Jesus wanted to prepare them for the fact that He would give them something greater than bread and fish. The Gospel indicates this symbolic meaning when it says, "He blessed, broke and gave," which are the words it uses at the Last Supper, when He gave the disciples His body and blood.

John the Beloved notes in the fourth Gospel, when he presents the miracle that we read about today from the Gospel of Matthew, that it means something beyond the multiplication of bread. For this reason he presents a sermon known as the sermon about the bread that comes down from heaven: not like your fathers who ate and die, but he who eats of this bread will live forever. He then explains to them that He will remain with them and they will remain with Him if they know that He is the one who will redeem mankind and He will leave to His disciples His presence among them in the form of bread and wine.

Here let us pay attention to the fact that Jesus looked up to heaven then gave. A person only gives from heaven. What comes out of one hand is placed in another hand and what comes out of a heart is placed in another heart. But what comes from the heart can be impure. Out of the abundance of the heart the tongue speaks (cf. Luke 6:45). The heart gives purity or it gives corruption. The heart has the entire world within it, its storms, its lusts. Therefore it doesn't mean anything if I say to another person, "I love you with all my heart." I may love him with a self-interested, acquisitive, totalitarian, lustful love. The important thing is that God comes out of our heart, that the Holy Spirit pours out from our heart so that we may love. For this reason it says, "He blessed, then He broke and gave." The important thing is that we give while we are in a state of blessings, in divine grace, in holiness. Any other giving is simply scattering, a whim, or exploitation.

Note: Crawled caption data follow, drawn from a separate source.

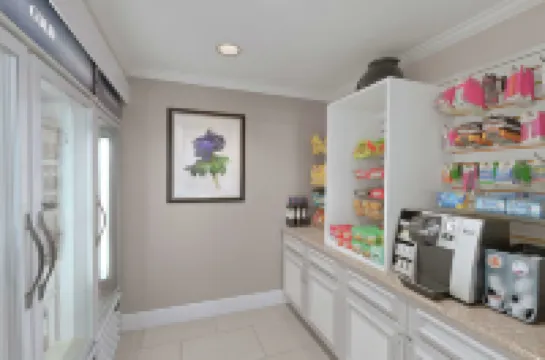 Hilton Garden Inn Springfield, MA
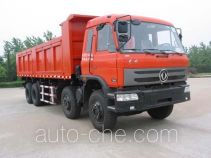 东风牌EQ3248VB3G型自卸汽车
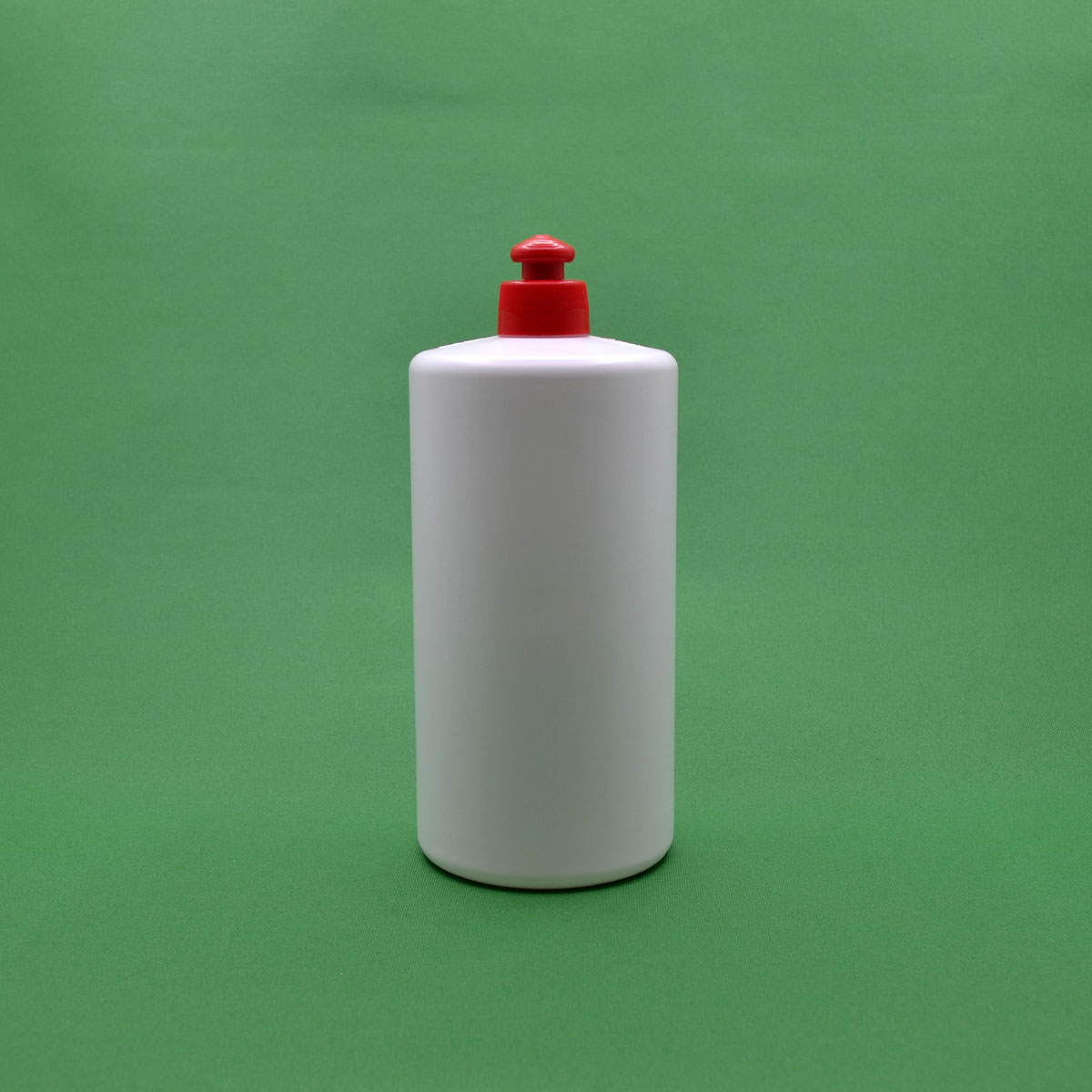 Флакон HDPE 1 літр 503А з пуш-пул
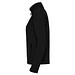 Softshell Jacke Nebraska, Damen, schwarz, L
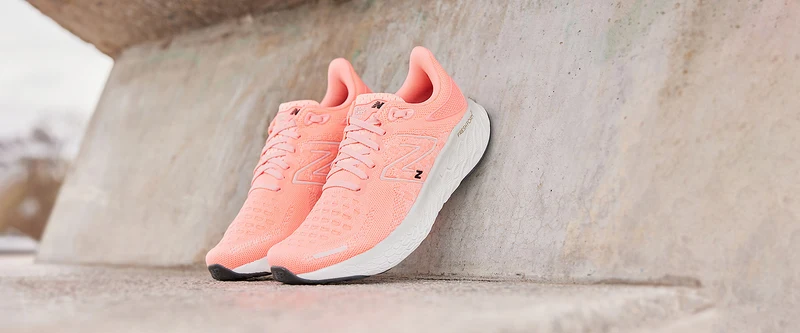 New Balance Femme Fresh Foam 1080V12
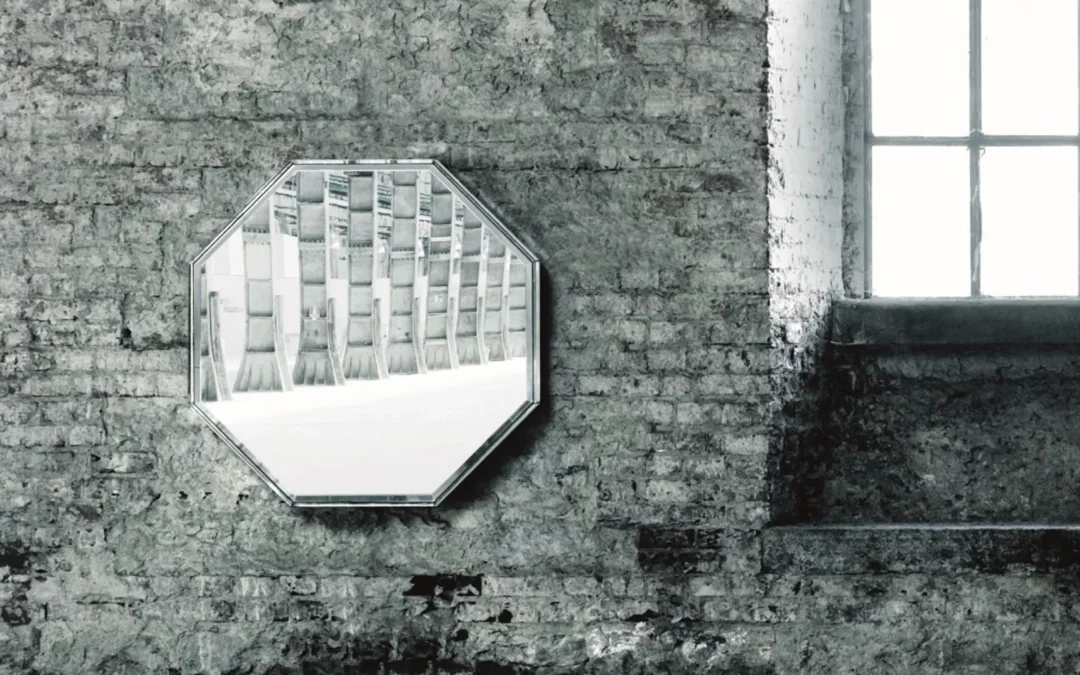 Prism Mirror specchi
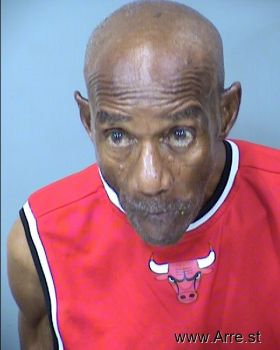 John Eddie Farmer Mugshot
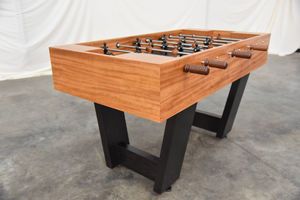Venture Monaco Foosball Table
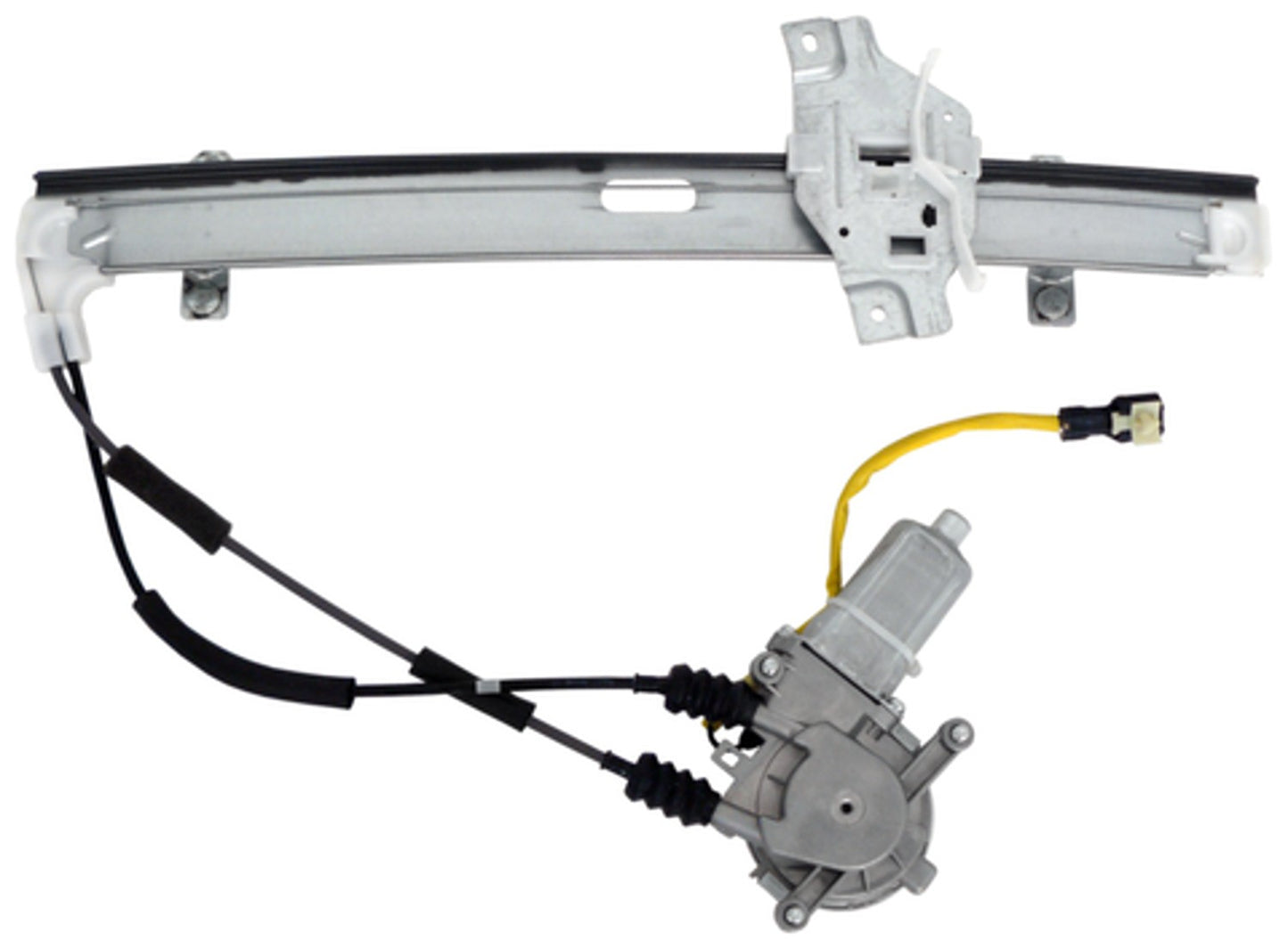 ACI Power Window Motor and Regulator Assembly 88848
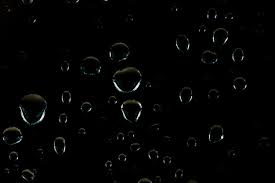 water drops black background images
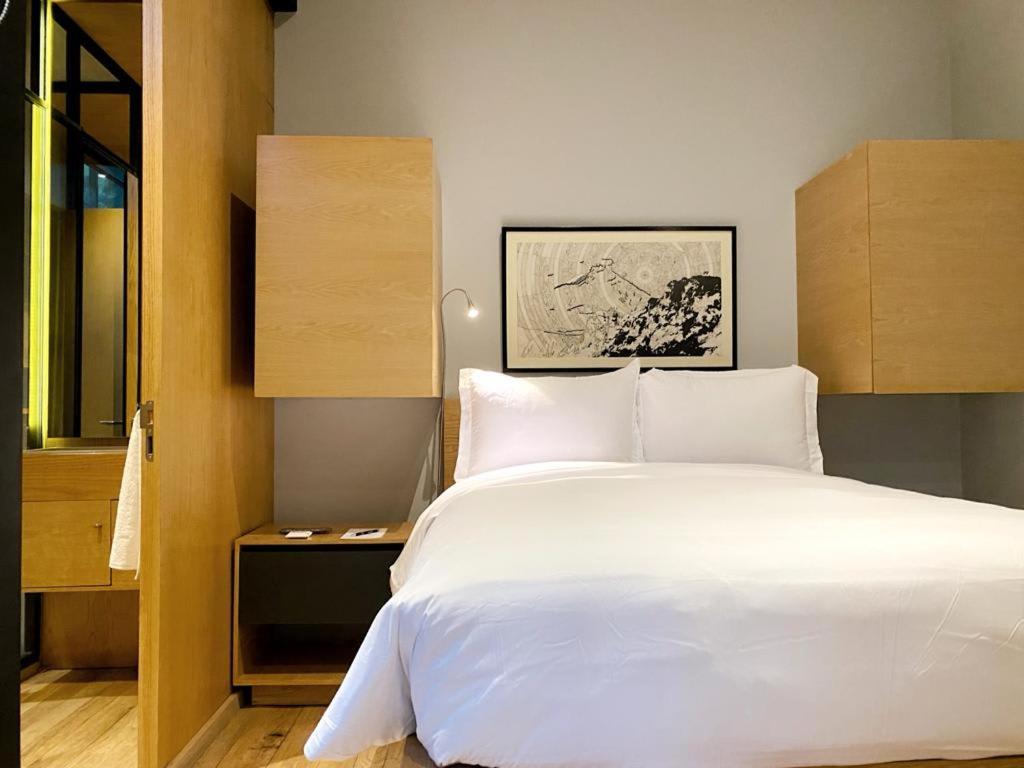 Boutique - Roma Norte Aparthotel *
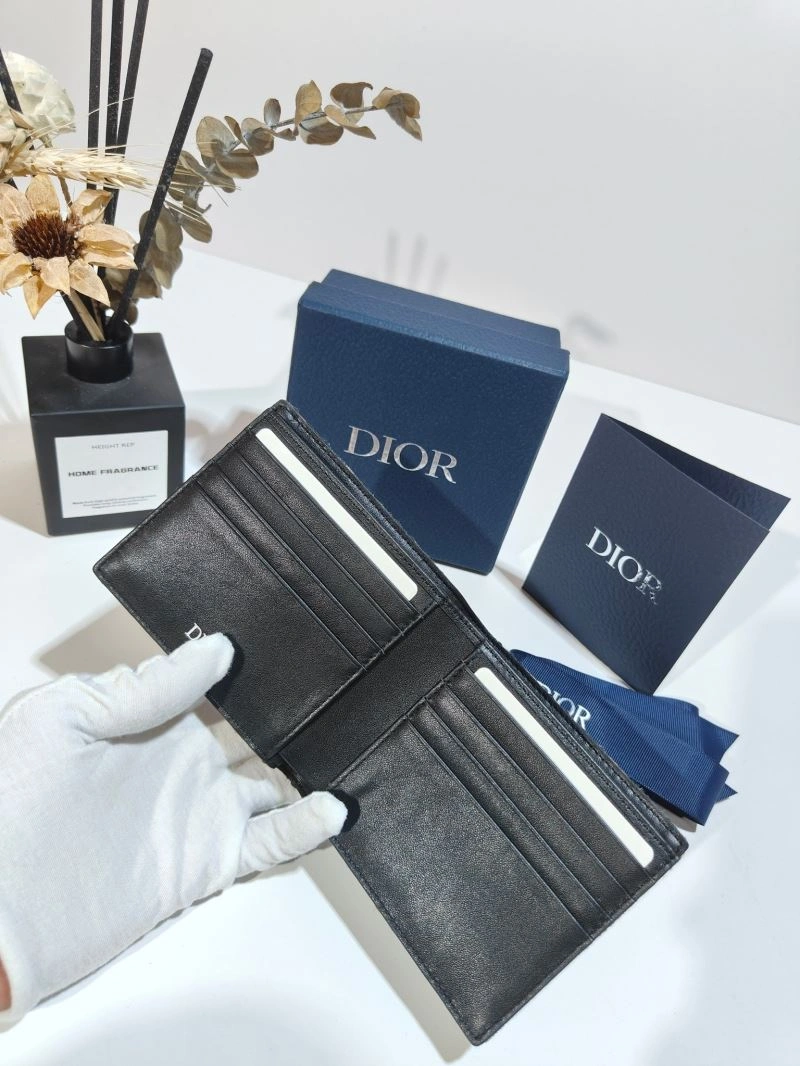 WellDesigned Christian Dior Wallet 75427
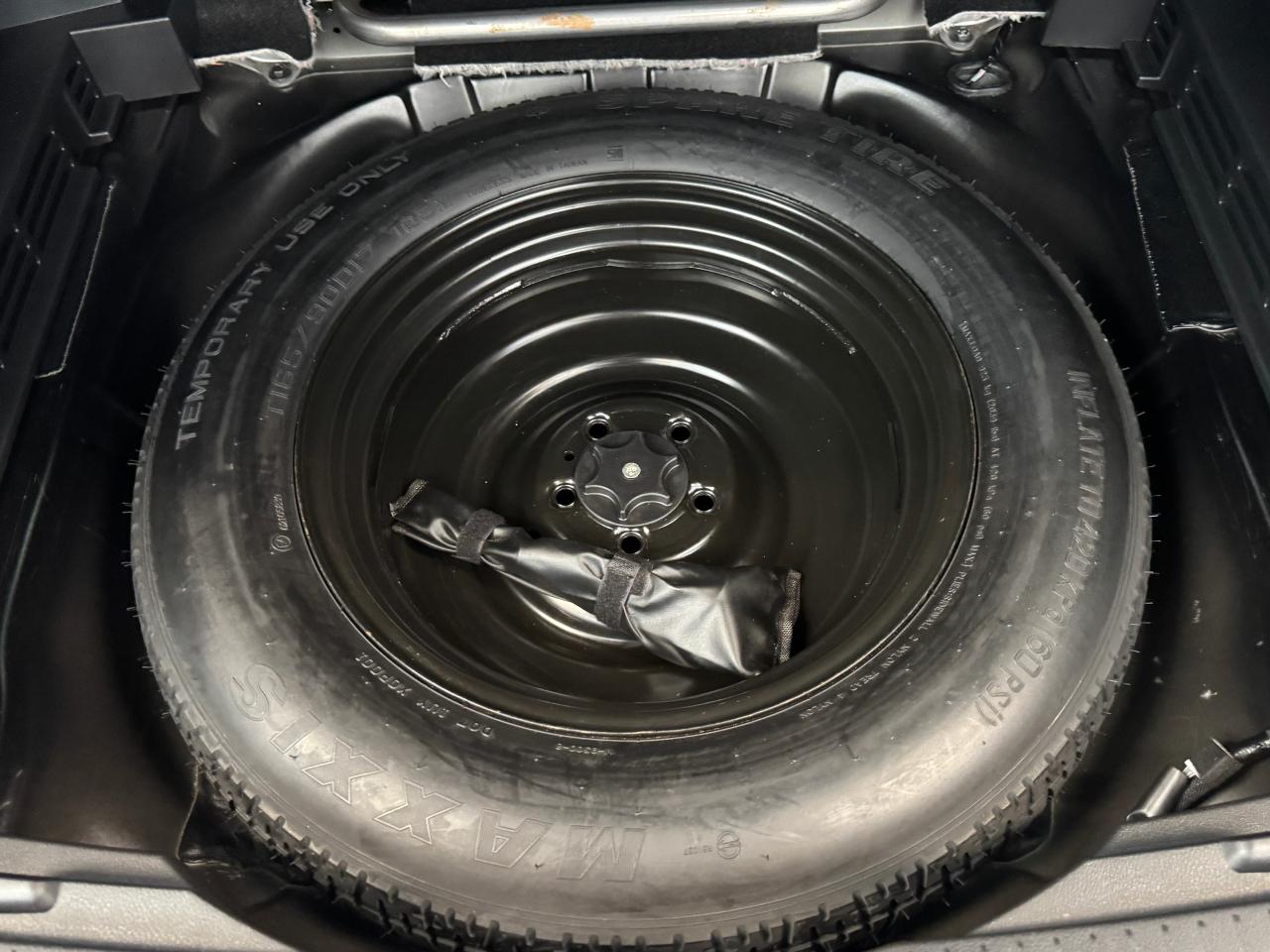2022 Nissan Rogue S AWD+Blind Spot+LaneAssist+ApplePlay+CLEAN CARFAX - Photo #59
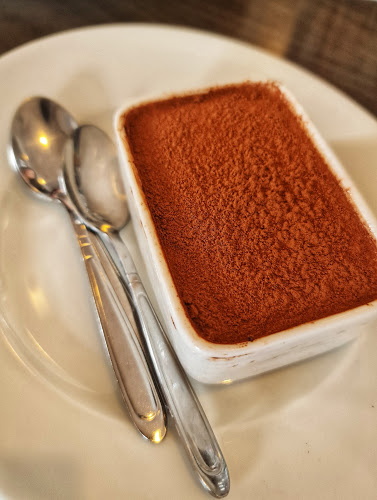 Cacio e Pepe Italian Restaurant - Hospitality and gastronomy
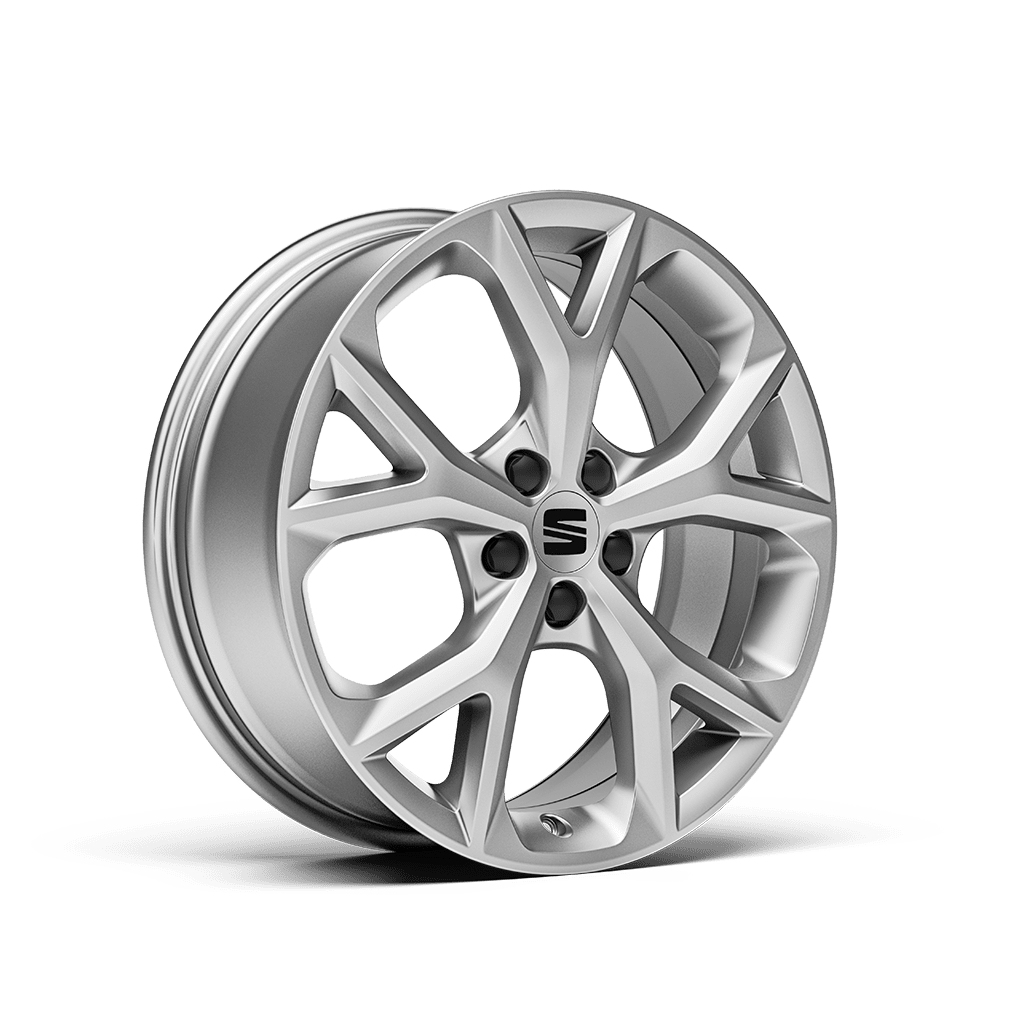 17" ‘Dynamic’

The important thing is not that I remain in people's hearts, since I am passing. The important thing is that they turn to God who gives to them, that they know that they have received the bread through a miracle. The encounter is not between one person and another, the encounter is between God in a person who transmits Him to another person, if he loves him. Material giving is only a symbol, a style, a preparation so that our hearts may be trained for total giving, the giving of love and purity from a heart that has become divine to a heart that we wish to become divine.

Any giving apart from this has no value. For us to give means that we give everything: our attention, our concern, our health, our days and our nights. We give our whole life in imitation of the Teacher or it is not giving.